On December 2, 1983, MTV aired something that had never been seen before — a fourteen-minute horror film disguised as a music video. Michael Jackson's "Thriller" didn't just change what a music video could be. It changed what a pop star could demand.

The idea was Jackson's own. A lifelong movie fanatic, he wanted to make a short film — not a promotional clip — built around the horror imagery in Rod Temperton's lyrics. After watching An American Werewolf in London, Jackson reached out to its director, John Landis, and the two developed a script that wove werewolf and zombie sequences into a theatrical narrative.

The problem was money. Epic Records was initially reluctant to fund it, believing the Thriller album had already peaked. So Landis and Jackson struck a deal: they would produce a making-of documentary and sell the rights to MTV and Showtime, helping cover a total budget of around 500,000 dollars — roughly ten times what a typical music video cost at the time. The Making Michael Jackson's Thriller documentary went on to sell a million copies on VHS. Both Jackson and Landis deferred their fees to make it happen.

Filming took place across Los Angeles over several weeks. The Palace Theater provided the exterior for the movie-date opening. The zombie scenes were shot on the streets of East LA, around Union Pacific Avenue and South Calzona Street. The house scene used the Victorian at 1345 Carroll Avenue. Choreographer Michael Peters — who had already created the knife-fight routine for "Beat It" — designed the synchronized zombie dance with a cast of roughly twelve to sixteen undead dancers. Peters himself performed as one of the standout zombies, wearing a torn suit. Rehearsals stretched over days, demanding absolute precision from dancers in full prosthetic makeup through Los Angeles heat.

The makeup effects were led by Rick Baker, the Oscar-winning artist behind the werewolf transformation in Landis's earlier film. Jackson's own werewolf prosthetics — the extending snout, the yellow contact lenses — required three to six hours per application session, using foam latex, hand-laid hair, and airbrushing.

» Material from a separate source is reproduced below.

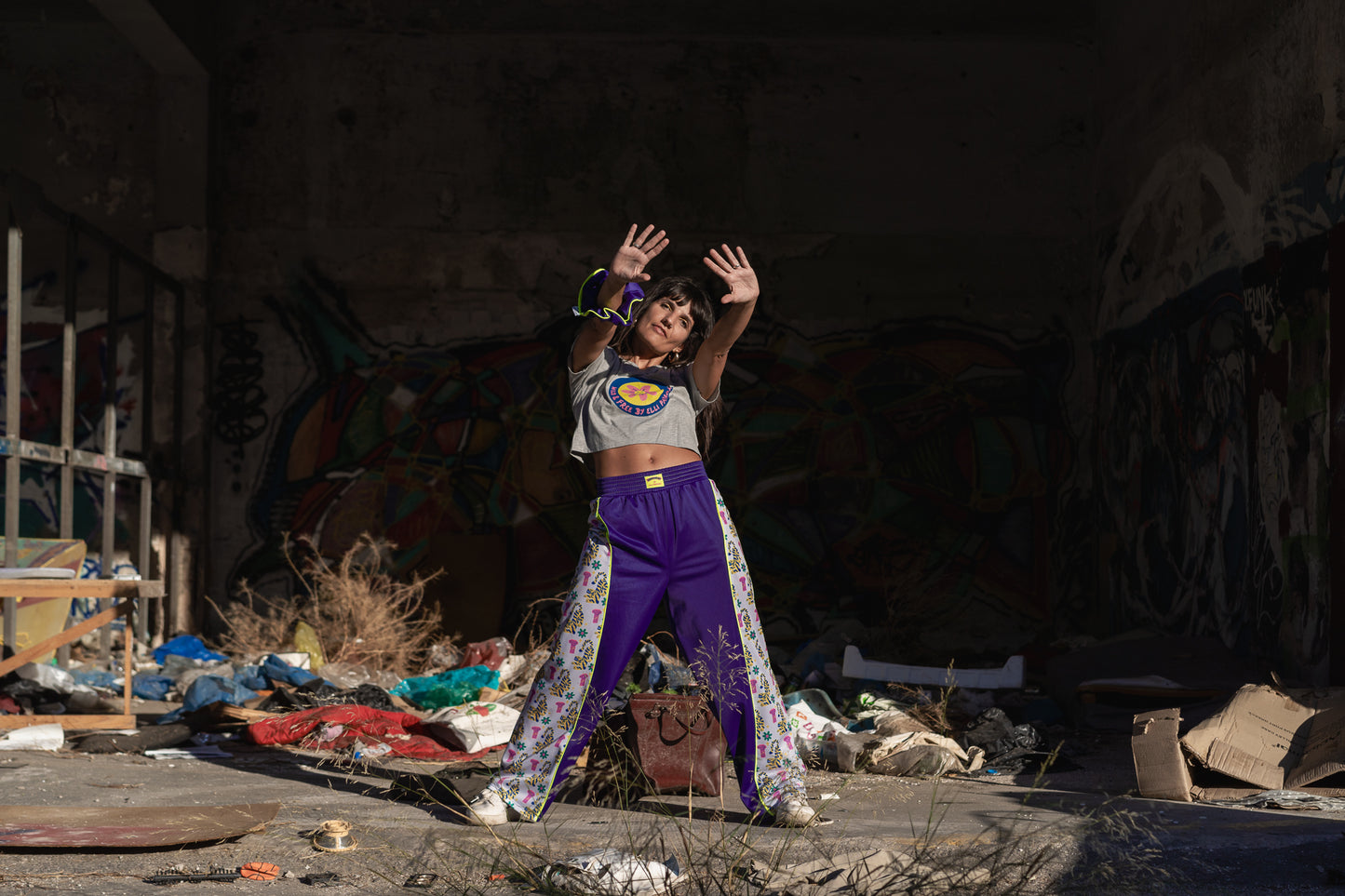 Wild+Free Crop Top-Flower (Grey)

Baker also designed the skull-outlined zombie makeup for the dance sequence, drawing visual cues from Phantom of the Opera.

The video's leading lady, Ola Ray — a 1980 Playboy Playmate — was cast after an open audition. She had a brief acting career afterward.

Then there was Vincent Price. His iconic spoken-word outro was reportedly recorded in just two takes.

The cultural impact was immediate and enormous. MTV's premiere of the full video doubled Thriller album sales in the months that followed, pushing it past twenty million copies. While "Billie Jean" had earlier broken MTV's unofficial racial barrier, "Thriller" cemented the change — proving that Black artists could not only appear on the network but dominate it. The video won multiple MTV Video Music Awards and established a new standard: that a music video could be a work of cinema.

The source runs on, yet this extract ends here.